Welsh Girl Guide leader

Rosa Ward OBE, JP (10 April 1893 – 17 August 1984) was a pioneer of the Girl Guide movement. She was chair of the Guide International Service from 1942 to 1954. She was a recipient of the Silver Fish Award, the movement's highest adult honour.

==Girl Guides==
Ward formed 1st Denbigh Guide Company, North Wales’ first Guide company, in 1912. Four years later she organised what is likely to have been the first Guide camp in Wales at Segrwyd, Denbigh. Between 1917-1946 she was Denbighshire’s first County Commissioner. In the 1930s she was Guide Commissioner for Camping. From 1939-1944 she was Chief Commissioner for Wales and from 1946-1956 Denbighshire County President.

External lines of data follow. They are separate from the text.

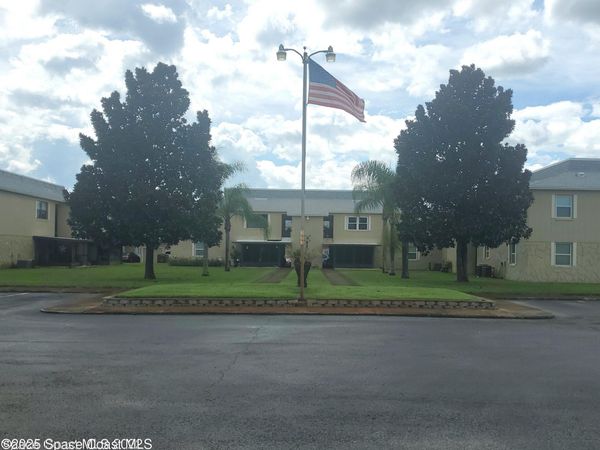 4304 London Town Road , Unit 221, Titusville, FL 32796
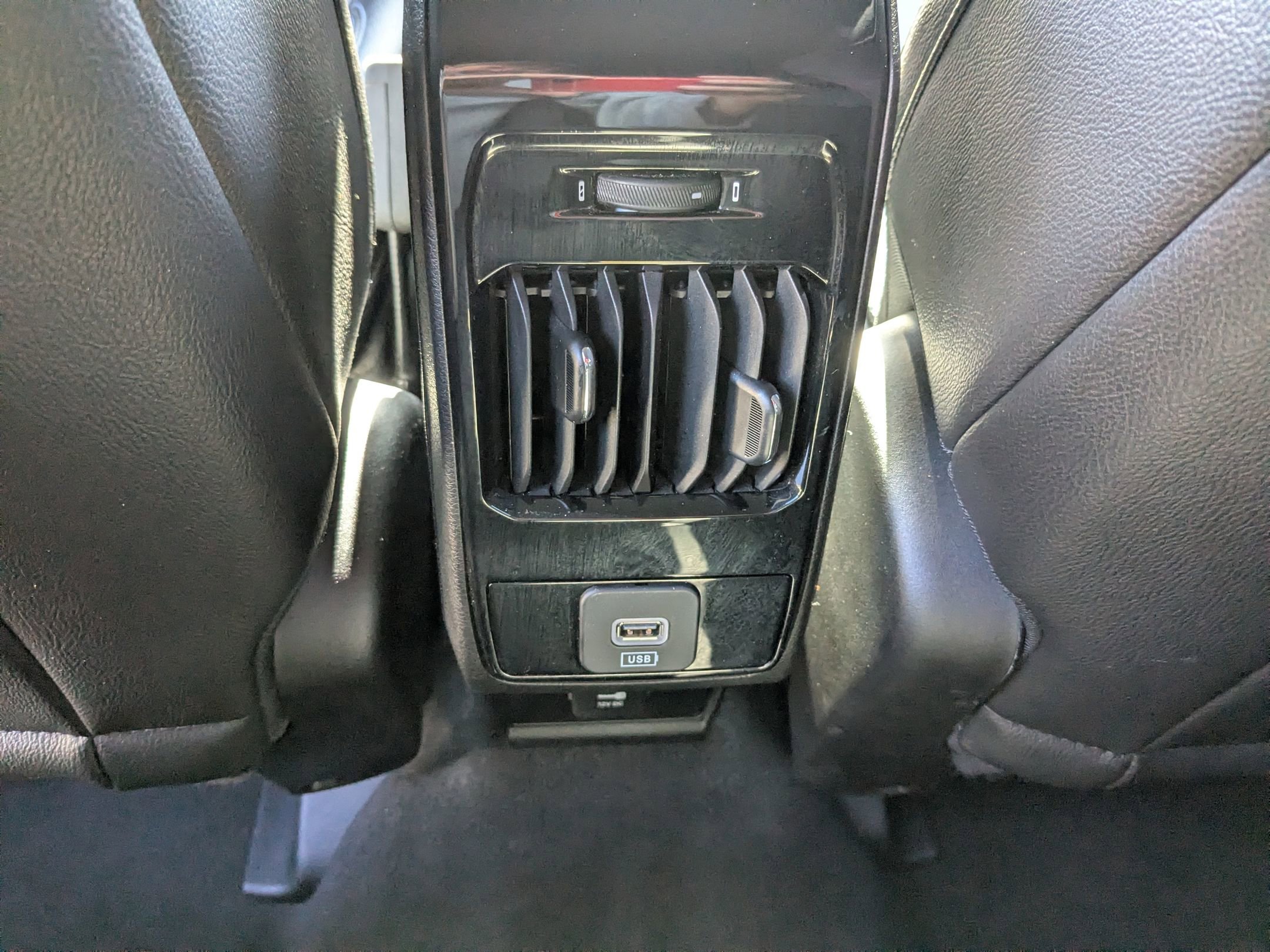 Used 2025 Jeep Compass Latitude image 27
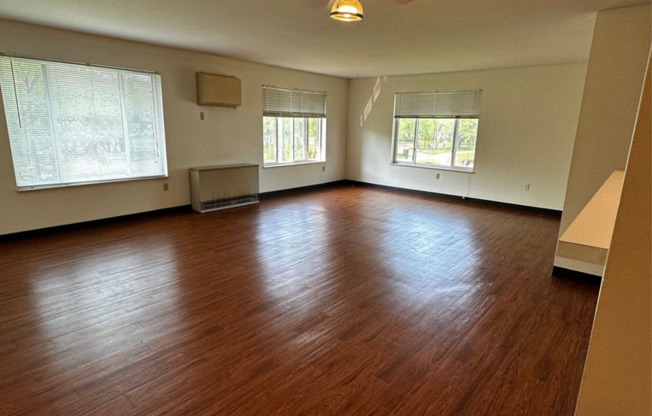 2 beds, 1 bath, 1,000 sqft, $1,050, Unit TE218X-238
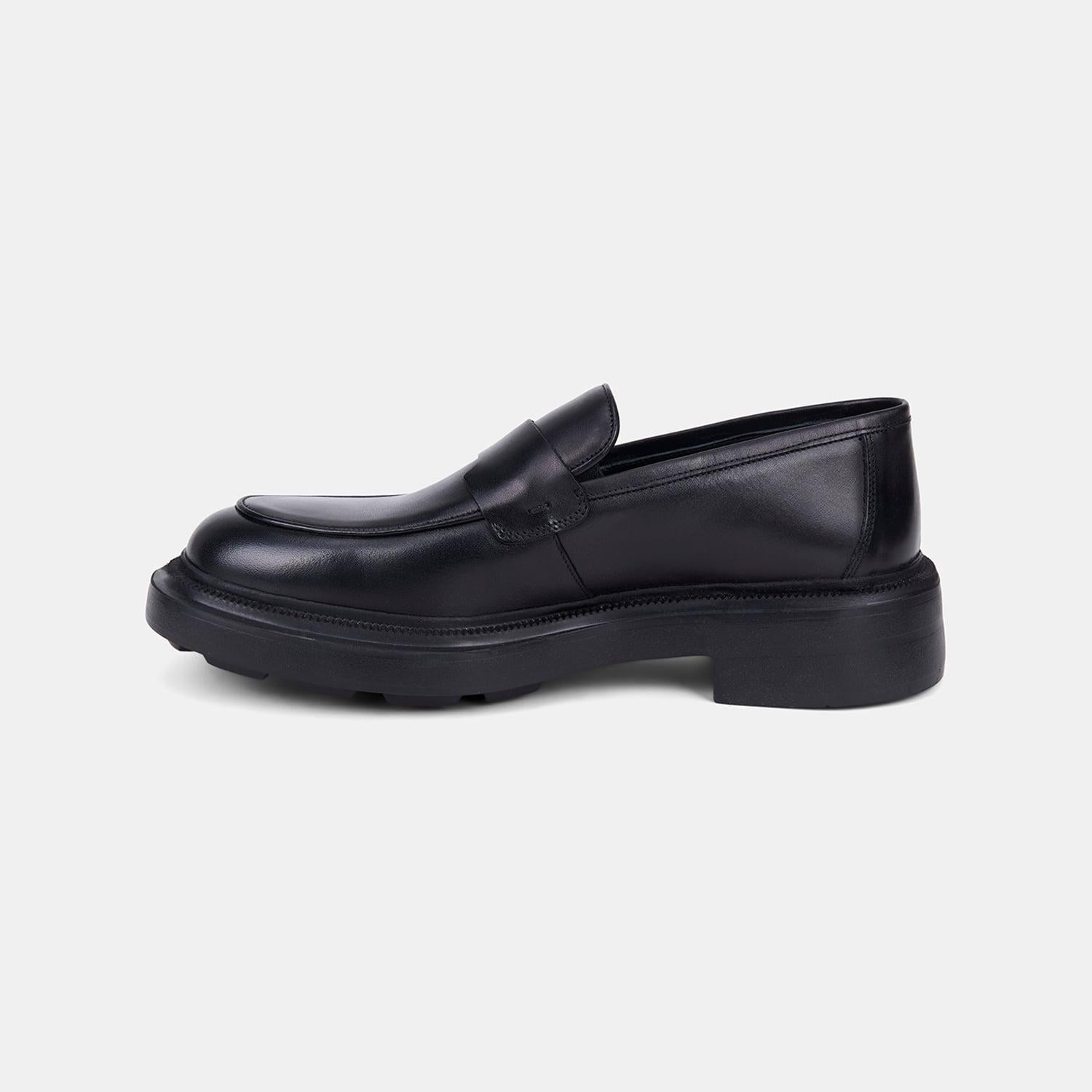 Erkek Siyah Kalın Tabanlı Klasik Deri Loafer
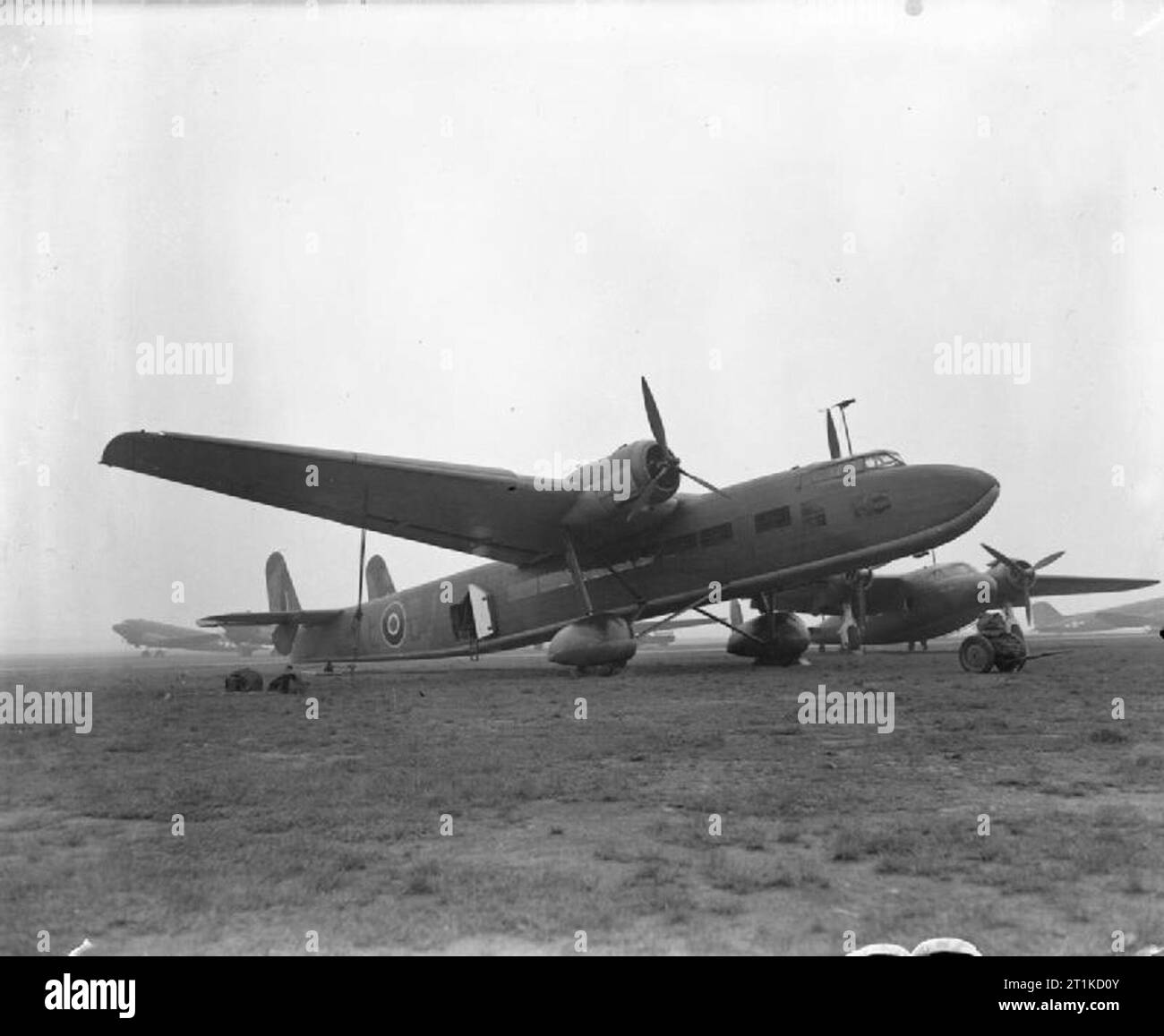 Los aviones de la Royal Air Force 1939-1945- HANDLEY PAGE HP.54 El escarificador y &#147;sparrow&#148;. Transporte avión ambulancia de la grada, K6984 &#145;BJ-E&#146;, del destacamento Nº 271 Escuadrón de la RAF estacionado en Hendon, Middlesex. El tipo también era conocida extraoficialmente como el &#147;Sparrow&#148;. A la derecha está una de Havilland Flamingo y, en el fondo un Douglas Dakota, ambos de nº 24 Squadron RAF. Foto de stock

Together with Lady Clarendon, Ward initiated the idea of a club for Girl Guiding's adult members. The Guide Club ran from its location in Belgrave Square from 1949 to 1976, when it closed for financial reasons.

From 1961 to her death in 1984 she was vice-president of the Girl Guides Association.

==Guide International Service==
The Guide International Service (GIS) was formed in April 1942. It was one of 11 societies forming the Council of British Societies for Relief Abroad (COBSRA). It provided 50 teams of volunteer adult Girl Guide leaders to work in close cooperation with the British government and the United Nations Relief and Rehabilitation Administration (UNRRA). Each team provided on-the-ground support in Europe after World War II, including Bergen-Belsen displaced persons camp.

Ward agreed to be temporary chair of the GIS committee until “a more suitable person was found”. She held the position for 12 years, the entire duration of the organisation's existence. In this role she organised training, test camps and lectures for prospective recruits. She also oversaw a significant fundraising effort to equip teams and train volunteer leaders, with Girl Guides in the UK and across the Commonwealth raising £168,890 (equivalent to £4,600,000 in 2023) towards GIS's relief work.

Ward first travelled to the British occupation zone in Germany in November 1945, making an annual tour of every GIS team in Europe for the subsequent five years.

==Awards and honours==
- 1928 – Silver Fish Award
- 1948 – OBE for her work with GIS
- 1997 – two stained glass windows were dedicated to Ward in the main hall of Tŷ Clwyd, Girlguiding Clwyd's County House in Llanfair Talhaiarn where “the rays of light stream through to inspire the next generation of Rainbows, Brownies) and Guides.”
- 2017 – Ward's outstanding commitment to Guiding in Wales and the GIS was recognised in the Welsh Year of Legends

==Personal life==
Rosa Cliff Ward was born in Dunga Gali, Bengal, India to father Brigadier General Thomas Ward and mother Jeanette Octavia. She had a younger sister, Barbara. By 1901 she was living in Aldershot, England. During World War I she was a member of Denbigh's Voluntary Aid Detachment. In 1942 she was appointed Justice of the peace for Denbighshire. Ward died at home in Corscombe, Dorset in 1984.